EXERCISE INSTRUCTIONS =
Please transcribe the entries that follow exactly as they stand, skipping each picture.

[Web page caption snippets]
[Start of section]

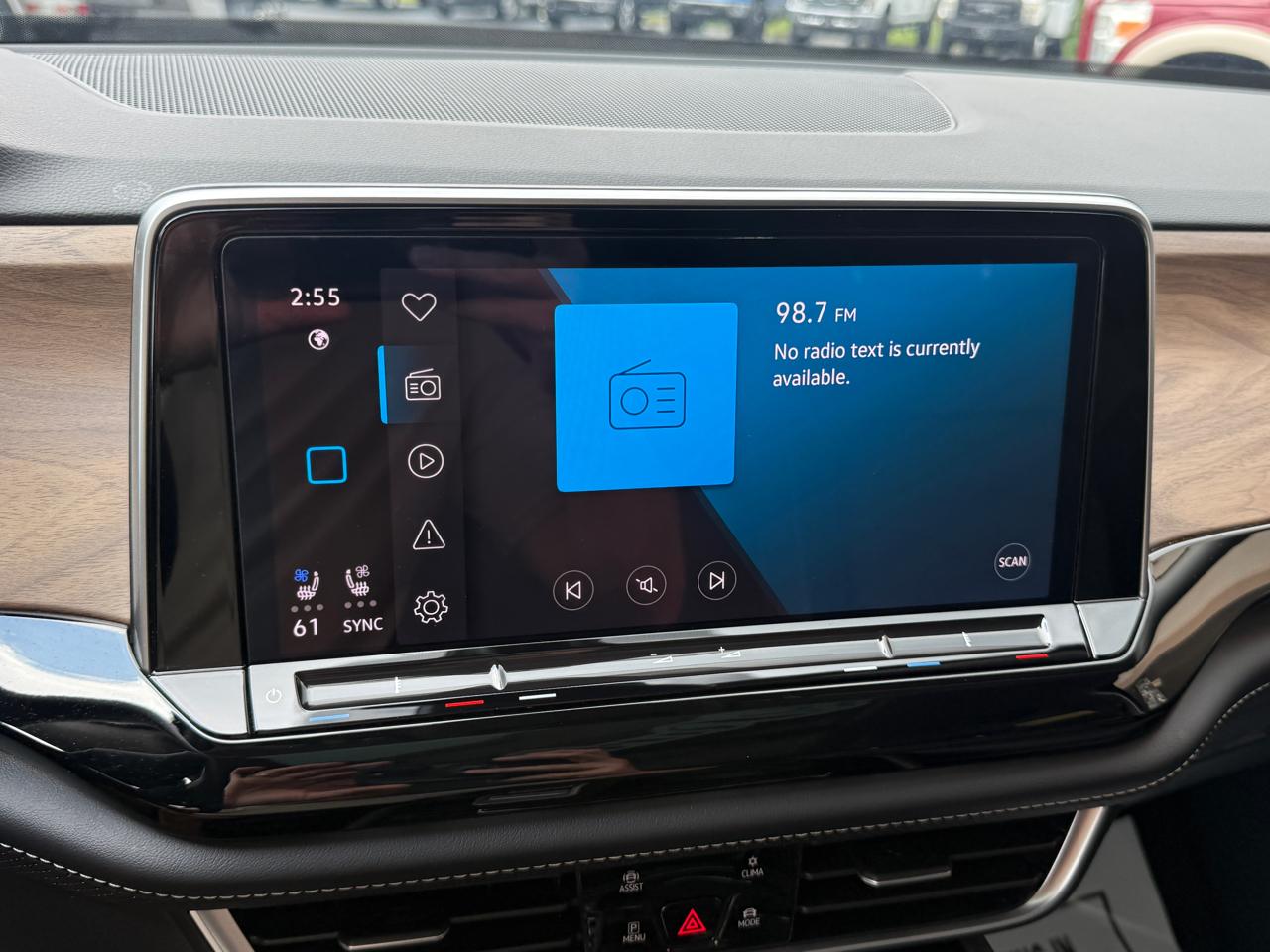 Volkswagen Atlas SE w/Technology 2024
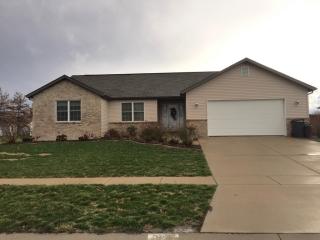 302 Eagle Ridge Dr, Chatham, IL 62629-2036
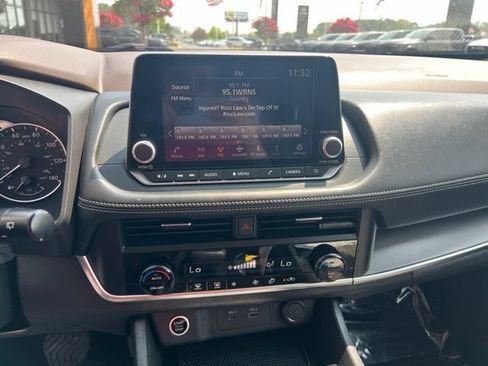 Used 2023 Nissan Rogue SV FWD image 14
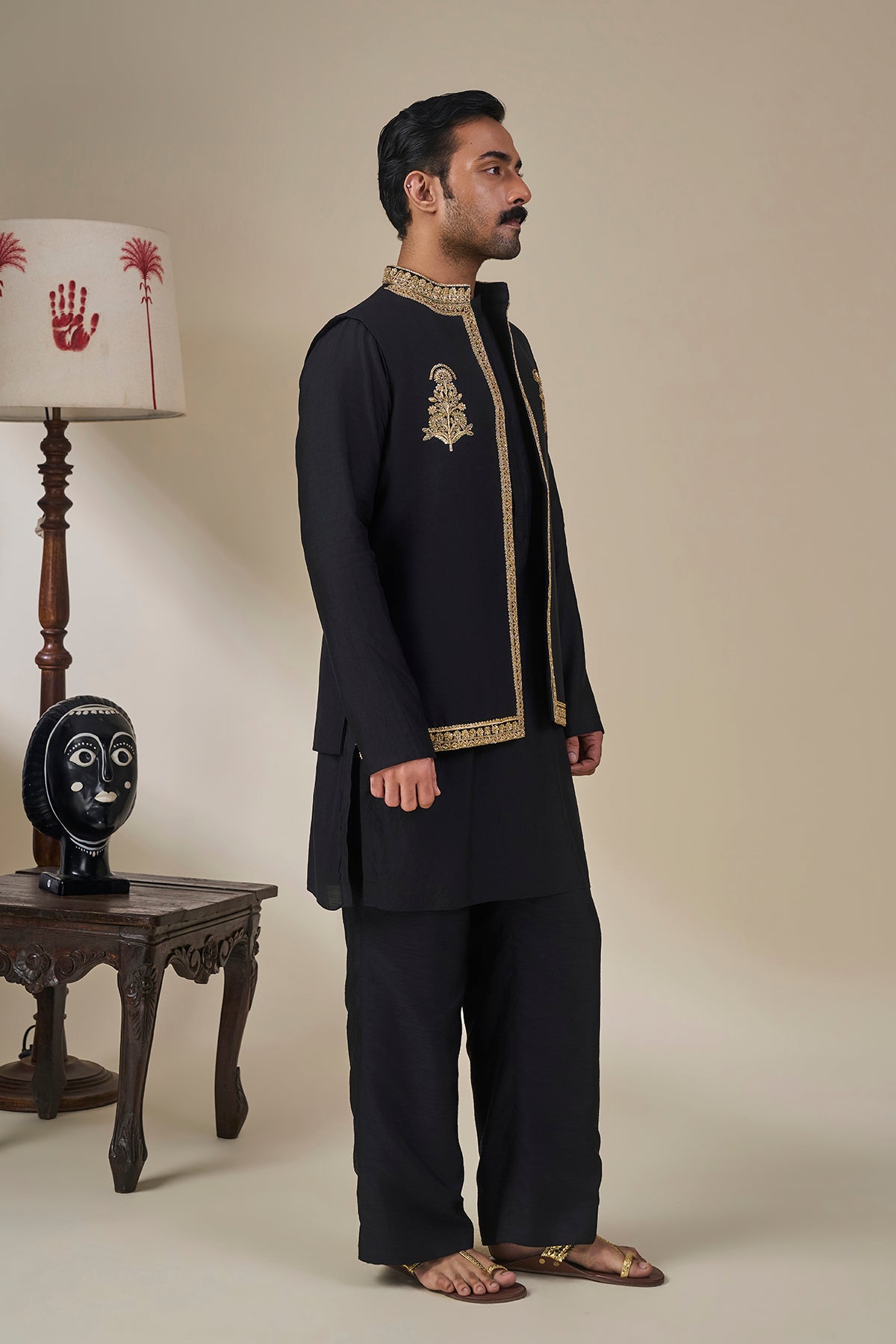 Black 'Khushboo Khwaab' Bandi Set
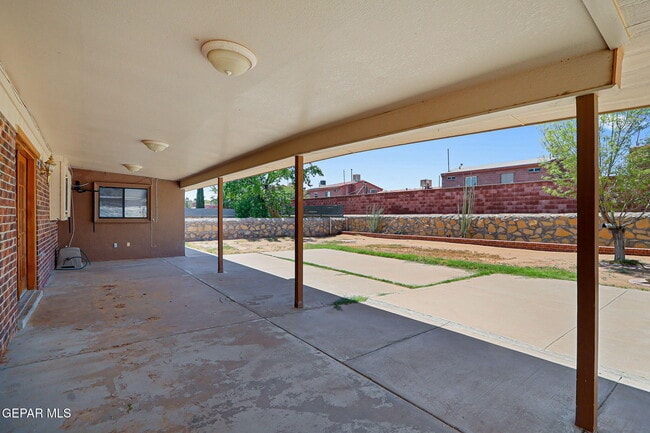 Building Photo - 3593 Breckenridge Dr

[End of section]

RESPONSE =
 Volkswagen Atlas SE w/Technology 2024
 302 Eagle Ridge Dr, Chatham, IL 62629-2036
 Used 2023 Nissan Rogue SV FWD image 14
 Black 'Khushboo Khwaab' Bandi Set
 Building Photo - 3593 Breckenridge Dr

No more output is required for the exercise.